振舞われた料理は郷土料理らしく、漬物を卵と炒めたものや、豚の内臓を味噌で味付けした料理など、見たことがないものがたくさんあった。私は、これも経験だと思い、なるべく見たことがない料理に手を付けていた。
そんなとき、シオンさんに話しかけられた。
「リンちゃん、少しいいかな」
そういいながら、シオンさんは部屋の隅に置かれたベンチを指さした。
彼女の表情はにこやかながら、何かを探るような、そんな様子が見て取れた。
「あ、はい。
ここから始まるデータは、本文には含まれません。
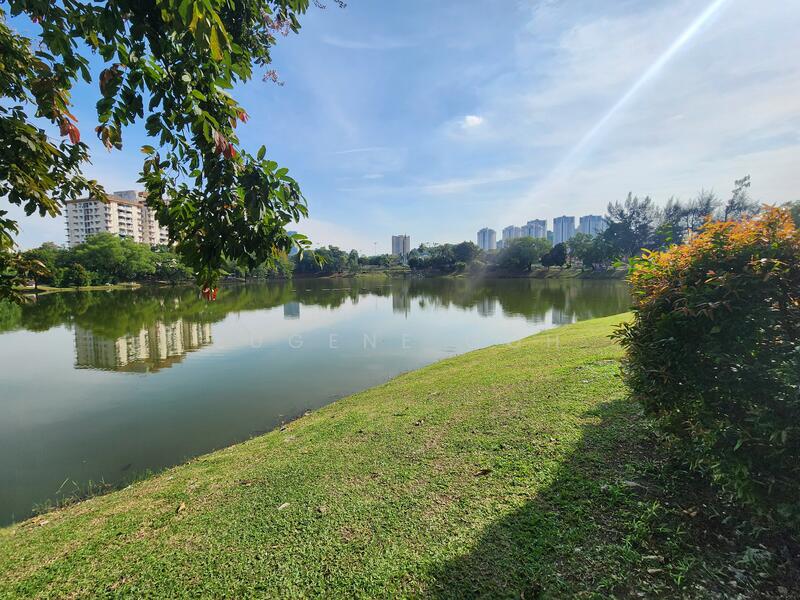 Exterior- Lake Side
もちろん」
しかし、断る理由もなく、ともにベンチのほうへと向かい、隣り合わせに腰掛けた。
「リンちゃんは、愛川キョウカさんって知ってるかな。学院で教師をやっているらしいんだけど」
「え」
急に母さんに関する質問を受け、思わず声を漏らしてしまう。
「あ、愛川キョウカは私の母です。もしかして母とお知り合いなんですか?」
「母……。そっか。うん、まあそんなとこだよ。ひとつ上の先輩なの」
シオンさんが母とひとつ違い……? とてもそんなようにみえなかった。
いや、母さんが老けているというわけではなく、シオンさんが若すぎるという意味でだが。
「苗字を聞いたときにもしかして、と思ってね。家柄も婿養子をとってもおかしくなかったはずだし」
「そうなんですね」
母さんの家柄の話は、正直あまり知らない。
なんでもほとんど絶縁状態にあるらしいが……。
「ごめんね、それだけ確認したかったんだ」
「いえいえ、大丈夫です」
そうして、私たちはベンチから立ち上がり、再び宴の輪の中に戻っていった。
その途中、ぼつりとシオンさんがつぶやいた。
「キミがここに来るのは、運命だったのかもね」
シオンさんは本当に心の底から嬉しそうな表情を浮かべていた。